ACTIVITY:
Nothing in the entries may be dropped: restate them word for word.

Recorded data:
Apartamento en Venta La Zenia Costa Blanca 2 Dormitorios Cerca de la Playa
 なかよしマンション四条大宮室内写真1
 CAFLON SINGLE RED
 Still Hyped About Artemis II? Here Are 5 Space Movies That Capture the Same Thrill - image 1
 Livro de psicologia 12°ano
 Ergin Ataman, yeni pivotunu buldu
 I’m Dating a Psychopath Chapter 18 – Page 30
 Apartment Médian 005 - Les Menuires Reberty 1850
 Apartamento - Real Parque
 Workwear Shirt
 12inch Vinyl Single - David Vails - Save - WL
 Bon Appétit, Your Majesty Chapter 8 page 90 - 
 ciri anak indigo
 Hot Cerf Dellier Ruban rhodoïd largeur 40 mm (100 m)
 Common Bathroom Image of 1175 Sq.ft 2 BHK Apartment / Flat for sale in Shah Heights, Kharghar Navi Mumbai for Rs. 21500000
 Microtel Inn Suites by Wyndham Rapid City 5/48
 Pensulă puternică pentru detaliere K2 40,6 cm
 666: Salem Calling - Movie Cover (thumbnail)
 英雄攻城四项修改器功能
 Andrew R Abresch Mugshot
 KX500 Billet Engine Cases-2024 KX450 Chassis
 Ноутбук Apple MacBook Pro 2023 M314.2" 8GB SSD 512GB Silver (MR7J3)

RESULT OF THE TASK:
Apartamento en Venta La Zenia Costa Blanca 2 Dormitorios Cerca de la Playa
 なかよしマンション四条大宮室内写真1
 CAFLON SINGLE RED
 Still Hyped About Artemis II? Here Are 5 Space Movies That Capture the Same Thrill - image 1
 Livro de psicologia 12°ano
 Ergin Ataman, yeni pivotunu buldu
 I’m Dating a Psychopath Chapter 18 – Page 30
 Apartment Médian 005 - Les Menuires Reberty 1850
 Apartamento - Real Parque
 Workwear Shirt
 12inch Vinyl Single - David Vails - Save - WL
 Bon Appétit, Your Majesty Chapter 8 page 90 - 
 ciri anak indigo
 Hot Cerf Dellier Ruban rhodoïd largeur 40 mm (100 m)
 Common Bathroom Image of 1175 Sq.ft 2 BHK Apartment / Flat for sale in Shah Heights, Kharghar Navi Mumbai for Rs. 21500000
 Microtel Inn Suites by Wyndham Rapid City 5/48
 Pensulă puternică pentru detaliere K2 40,6 cm
 666: Salem Calling - Movie Cover (thumbnail)
 英雄攻城四项修改器功能
 Andrew R Abresch Mugshot
 KX500 Billet Engine Cases-2024 KX450 Chassis
 Ноутбук Apple MacBook Pro 2023 M314.2" 8GB SSD 512GB Silver (MR7J3)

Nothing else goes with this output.